To: "'Joe Subich, W4TV'" <lists@subich.com>, <towertalk@contesting.com>
Subject: Re: [TowerTalk] W6NL 40m Moxon
From: "Hardy Landskov" <n7rt@cox.net>
Date: Sun, 10 Apr 2016 18:09:23 -0400
List-post: <towertalk@contesting.com">mailto:towertalk@contesting.com>
Hi All,
My 2 cents. I have seen the wind suddenly die--then change direction--then 
change again.
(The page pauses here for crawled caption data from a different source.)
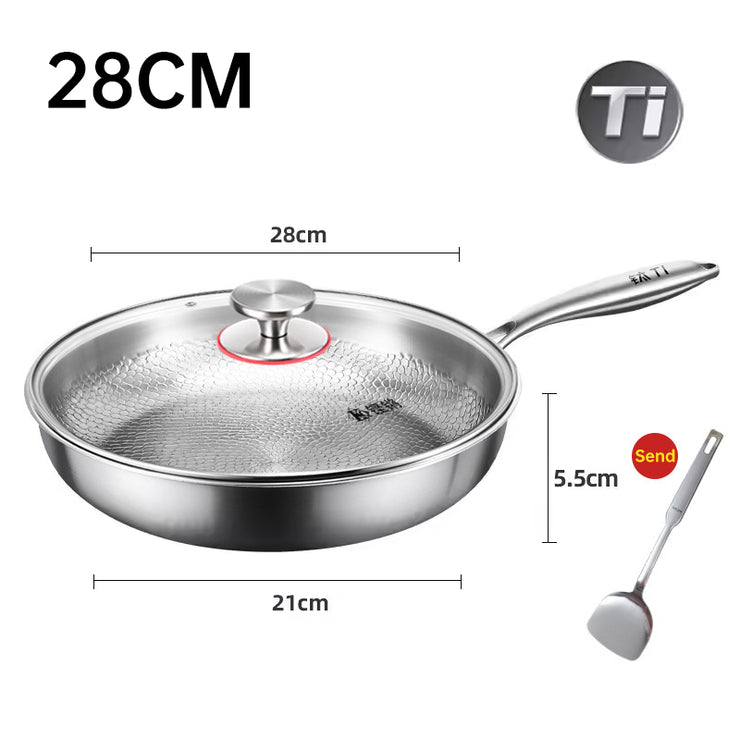 German uncoated pure titanium frying pan with fish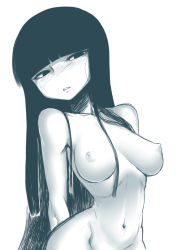 Rule 34 | 1girl, bad id, bad pixiv id, black hair, blush, breasts, contrapposto, female focus, greyscale, hime cut, houraisan kaguya, long hair, medium breasts, monochrome, navel, nipples, no nose, nude, out-of-frame censoring, simple background, sketch, solo, spacezin, touhou, white background, wide hips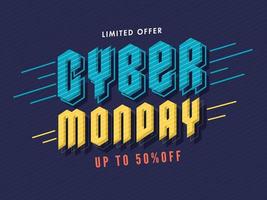 Creative Cyber Monday Text with Discount Offer on Blue Diagonal Lines Background for Sale. Can be used as poster design. vector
It's like a box of chocolates....
N7RT/4

-----Original Message-----
From: TowerTalk [mailto:towertalk-bounces@contesting.com] On Behalf Of Joe 
Subich, W4TV
Sent: Sunday, April 10, 2016 7:56 AM
To: towertalk@contesting.com
Subject: Re: [TowerTalk] W6NL 40m Moxon



> I suppose with some trig you could figure the total projected area at 
> various wind angles. One going down and one going up. Would some angle 
> that gives equal projected area from each figure be the max?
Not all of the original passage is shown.